However, we must also understand the divine implications of the marital act and even of the love between a couple even before marriage (however, it's realized and understood fully in marriage); the love between a couple, especially between husband and wife, is a reflection of the love of God, for God, Who is Love, is a communion of Persons. With this, we understand the most important thing in any relationship; to be someone through whom God's overflowing love can flow to the other person, to lead the beloved to Christ through your being a reflection of His love for them. In his letter to the Ephesians, St. Paul commands this reflection when he writes, "As the Church is subject to Christ, so also the wives ought to be to their husbands in everything. Husbands, love your wives, just as Christ also loved the Church and gave Himself up for her, so that He might sanctify her". For husbands to love their wives as Christ loved the Church, they must be a conduit for His love to flow through, and it is the same for wives, For God, Who is Love Itself, is passionately in love with each and every one of us, and He has made the bond between men and women, learned about in our interaction with one another and realized especially in marriage, able to show His love for us, His Bride.

Of course, it's not just in marriage, in romantic relationships, that this can be found. Any kind of love between people, actual, agape love, is reflective of our Lord's love for us, as well as reflective of the love between the Father, the Son, and the Holy Spirit. However, the love of the Trinity can be clearly seen in marriage, when husband and wife love each other, and the outpouring of their love begets another person, just as the Holy Spirit is the procession of the love between the Father and the Son. Yet even before marriage, couples should seek to be the reflection of this love for each other even though they should not yet do so in the conjugal and marital act, for they aren't yet completely bound to each other yet. There are different ways that each couple can do this, of course, but most important are praying together, reading and/or discussing Scripture together, going to Mass and Adoration together, and encouraging each other in all spiritual matters, for it is in the ways that we grow closer to our Beloved Lord that we most grow closer to each other.
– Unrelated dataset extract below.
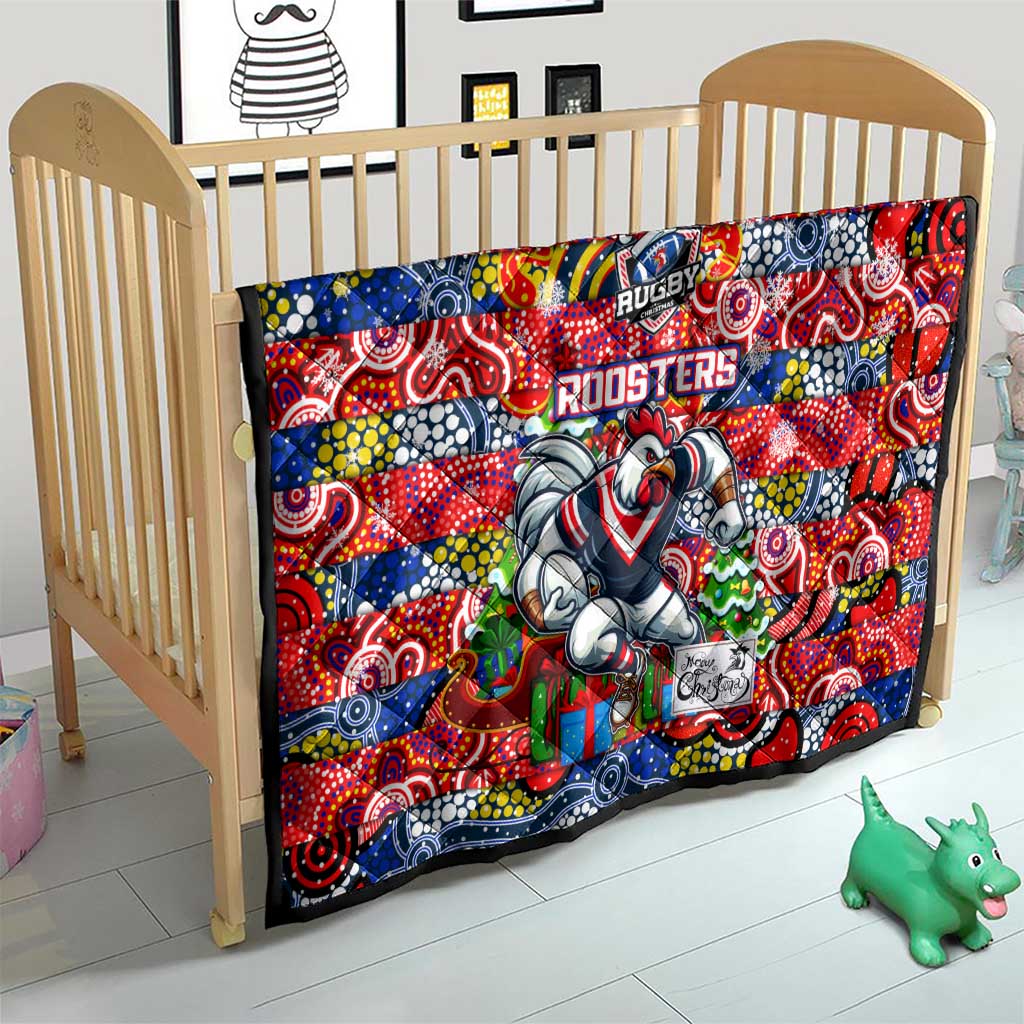 Roosters Rugby Merry Christmas Quilt Indigenous Australian Art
Again, the point is that those of us who are called to marriage and are courting are called to be reflections and conduits of our Lord's love for each other. Anyone can be that for anyone at any time, of course, but it's especially important in such a personal relationship like a romantic one leading to discerning for marriage, for in marriage is found that greatest reflection of God's love. But we are called to be so even at the beginning of a relationship, to be a sign and giver of His love for the other, for our beloved, for this is how relationships can bring us closer to our Lover of Lovers.

All of you holy men and women and all of you angelic choirs, especially Pope Saint John Paul the Great and St. Raphael the Archangel, please pray for all of us who are called to marriage!

All you readers, please pray for the writers of this page and for their vocations! 

Sunday, September 21, 2014

The Sacrifice: What is Love (Feelings Don't Hurt Me)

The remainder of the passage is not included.